Uno dei versi finale della composizione è “Entusiasmo – Eleganza – Esaltazione”, tre parole che sono e suonano perfettamente come la cifra di questa stupenda musica, dove non c’è una nota di più, dove l’autore riesce a incanalare la sua foga creativa in un mirabile equilibrio e in una contagiosa sintesi con gli altri membri del combo. Così, il cerchio si chiudeva e l’universalità della musica – africana, europea e orientale – esprimeva l’universalità del senso del sacro. Ma il continuo evolversi della sua poetica, unito anche alle sua vicissitudini biografiche, in particolare, l’incipit di una malattia che l’avrebbe portato alla morte nel ‘67, la rottura con la prima moglie Naima, e l’unione con Alice McLeod, pianista jazz, portarono il sassofonista a tentare ancora nuove vie, sempre meno caratterizzate da gioiosa esaltazione, ma da una “cosmogonia terribile”, dove il tentativo di inabissarsi nei misteri dell’universo era anche il frutto delle sue instancabili ricerche sulla numerologia, la teoria della relatività, la kabbala.

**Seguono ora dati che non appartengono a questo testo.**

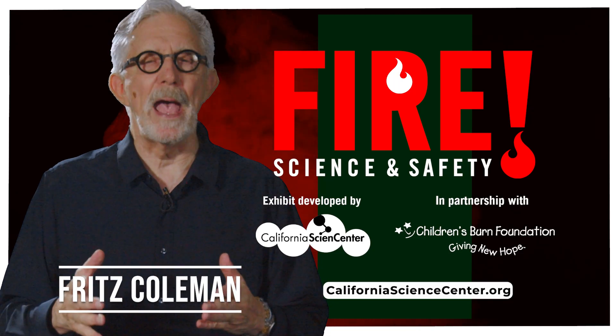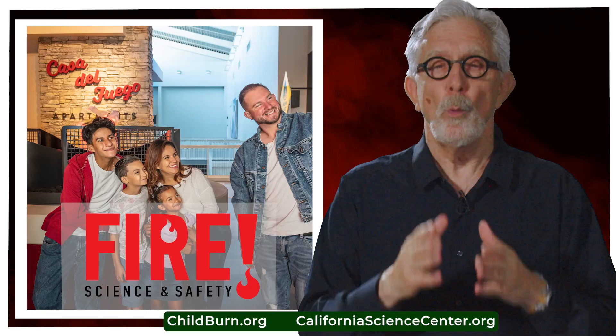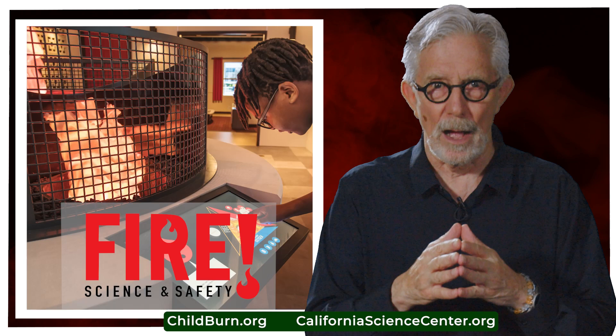Fritz Holman here on behalf of the Children's Burn Foundation and the California Science Center. We are so proud of the Fire Science and Safety exhibit at California Science Center. And here's why.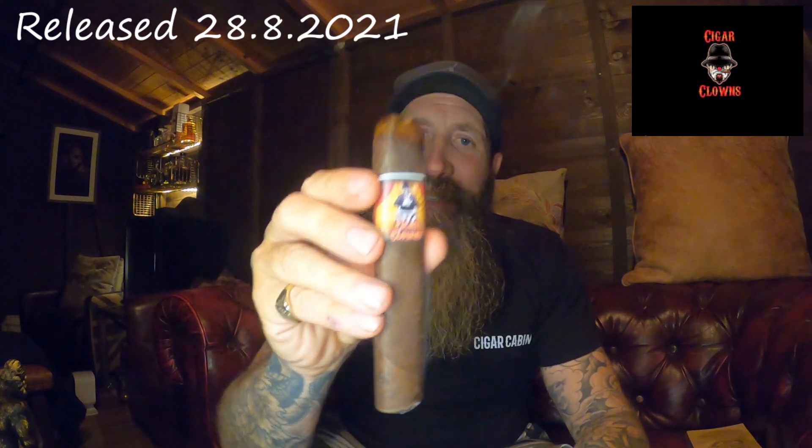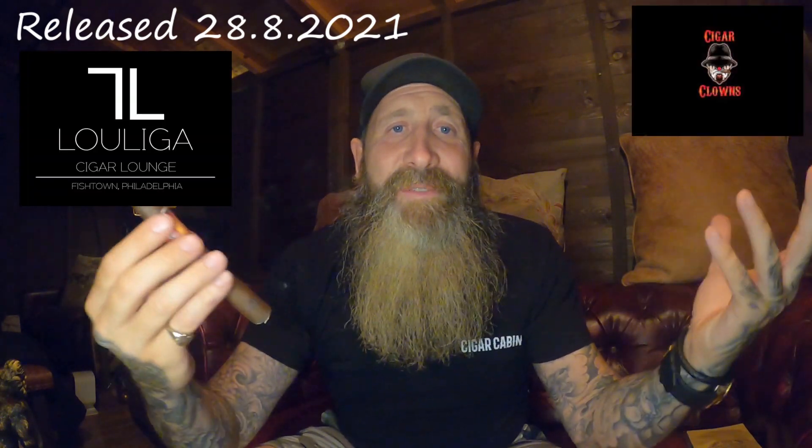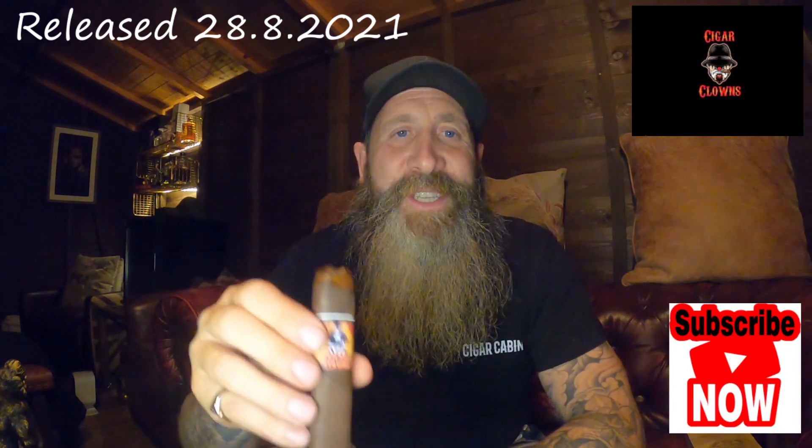The smoke is airy, creamy white, really fills the mouth. I'm not getting a great deal at the moment, but you never do on the first real draws of a cigar — maybe a little hint of pepper but nothing more than that. That's terrific smoke output. There's a little bit of pepper on the back of my throat, but it's not until you get into the first third that you really get some real taste. Check out the Cigar Clowns website and the Provada Club — 28th of August, the Lu Liga in Philly.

Questo senso di insoddisfazione e di impotenza di fronte al mistero dell’universo, che la nuova musica avrebbe voluto esprimere, ebbe un riflesso negativo sulla stabilità del suo classico quartetto e, in corso d’opera, John aggiunse e sperimentò altri musicisti, creando delle sorte di “jam session” - improvvisazioni collettive - dove si alternavano momenti di inarrivabile creatività, a coacervi di sonorità allucinate,- quasi un “urlo primordiale” - che disorientavano lo stesso pubblico più affezionato al musicista e che fecero sospettare l’uso di LSD. Alla fine, due membri fondamentali del tradizionale organico, Elvin Jones e McCoy Tyner lasciarono la compagnia e furono sostituiti dal batterista Rashid Alì, dalla moglie Alice McLeod, con l’aggiunta di un secondo sax tenore, Pharoah Sanders. Certo, i nuovi partner della sezione ritmica difficilmente raggiunsero le vette creative e l’empito dionisiaco di Tyner e Jones, ma furono consoni al nuovo corso coltraniano, inoltre, l’introduzione di una donna in un complesso così prestigioso fu un atto di coraggio, in un ambiente maschilista come era quello del jazz.

Gli album di quest’ultimo periodo, da Ascension, a Expression, fino all’ultimo “live” Olatunji Concert, sono una mistica e sofferta testimonianza di come Coltrane, fino a pochi mesi dalla scomparsa, fosse continuamente alla ricerca di mondi e sonorità nuovi, sono un suo magnifico lascito, sempre capace di stupirci, di stordirci, di coinvolgerci in un’armonia atemporale o in un inferno disperato: “Non c’è mai una fine: ci sono sempre nuovi suoni da immaginare, nuovi sentimenti da cogliere. Purificandoli potremmo vedere, allo stato puro, ciò che abbiamo scoperto, cosa siamo. Ma per farlo, e dare a chi ascolta l’essenza, dobbiamo continuamente pulire lo specchio”.